А  Б  В  Г  Д  Е  Ж  З  И  Й  К  Л  М  Н  О  П  Р  С  Т  У  Ф  Х  Ц  Ч  Ш  Щ  Э  Ю  Я  AZ

 

На этих ставших традицией посиделках бывали многие друзья Скотта, включая герцога Баклю, но немало являлось и людей незнакомых. Угощение подавалось простое, но не дешевое — черепаховый суп, оленина и т. п., а к нему — пунш, эль и мадера. В заключение пиршества Джеймс провозглашал: «За благополучие всех собравшихся!», следом: «За здоровье его величества, да хранит его бог!», и наконец: «Джентльмены, есть тост, о коем ни разу не забывали и не забудут в моем доме, — предлагаю выпить за здоровье мистера Вальтера Скотта, „ура“ в его честь трижды три раза!» Скотт благодарил присутствующих, как положено, миссис Баллантайн удалялась из комнаты, и бутыль портвейна пускалась по кругу. Затем Джеймс поднимался во весь рост и, уставясь пустым взглядом в пространство, произносил заговорщическим театральным шепотом: «Джентльмены, подымем бокалы за бессмертного „автора „Уэверли“!“ Скотт выпивал и кричал троекратно „ура“ вместе со всеми. После этого Джеймс сообщал компании, что автор непременно узнает об оказанной чести, объявлял название нового романа, за успех которого тут же и выпивали, и ужин завершался песнями и дальнейшими тостами. Скотт и его самые близкие друзья незаметно исчезали, не дожидаясь, пока начнут расходиться остальные. Гостей обносили вареным мясом и пуншем, и, как обычно, Джеймс, поупиравшись для вида, соглашался прочесть главу из новой книги.

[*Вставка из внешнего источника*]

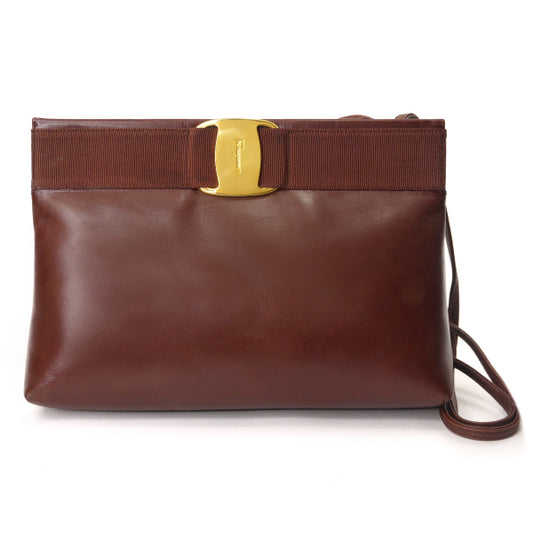 Salvatore Ferragamo Vara総革2WAYショルダー（茶）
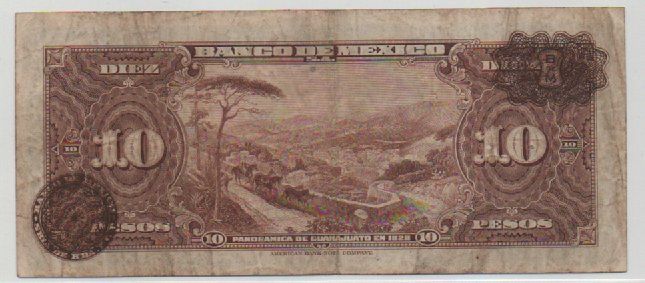 Banknoten: 10 PESOS - 14 AGOSTO 1946 - MESSICO – Gebraucht aus CHIASSO von Rochelle59. 1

Если в Эдинбурге кто-то еще и сомневался, что «Великий Инкогнито» и Вальтер Скотт — одно и то же лицо, то следующий его роман должен был разрешить все сомнения: он являл собой полный перечень разнообразных интересов автора. Скотт хотел освободиться от последнего и самого крупного своего долга — четырех тысяч фунтов, взятых у герцога Баклю, и, дописывая «Роб Роя», попросил Джона Баллантайна предложить вторую серию «Рассказов трактирщика» Констеблу, который все еще досадовал, что упустил первую. Джон воспользовался моментом и настоял на том, чтобы Констебл приобрел заодно и последние остатки баллантайновских запасов. Прокляв его в душе, Констебл выложил 5270 фунтов за товар, не стоивший и одной трети этих денег, и дал аванс, которого Скотту вполне хватило, чтобы рассчитаться с герцогом. Серия должна была занять четыре тома, и Скотт собирался написать для нее два «рассказа», но, увидев, что первый «рассказ» — «Эдинбургская темница» — завладевает его воображением все больше и больше, отложил второй, изданный через год под названием «Ламмермурская невеста». Теперь приступы случались со Скоттом реже, раз в пять-шесть недель; поэтому он, вероятно, и решил, что новый роман лучше «Роб Роя». Соотечественники от всей души присоединились к его мнению после того, как в июле 1818 года «Эдинбургская темница» увидела свет. Шотландские старожилы не могли припомнить, чтобы появление книги когда-либо вызывало такую бурю ликования и восторгов. Здесь было все дорогое сердцу истинного шотландца: религия, право, споры, невинность, злодейство, революция и домашний очаг. Но самое главное — автор польстил национальному тщеславию тем, что вывел в романе безупречную шотландскую героиню — простую, безыскусную и безгрешную Дженни Динс.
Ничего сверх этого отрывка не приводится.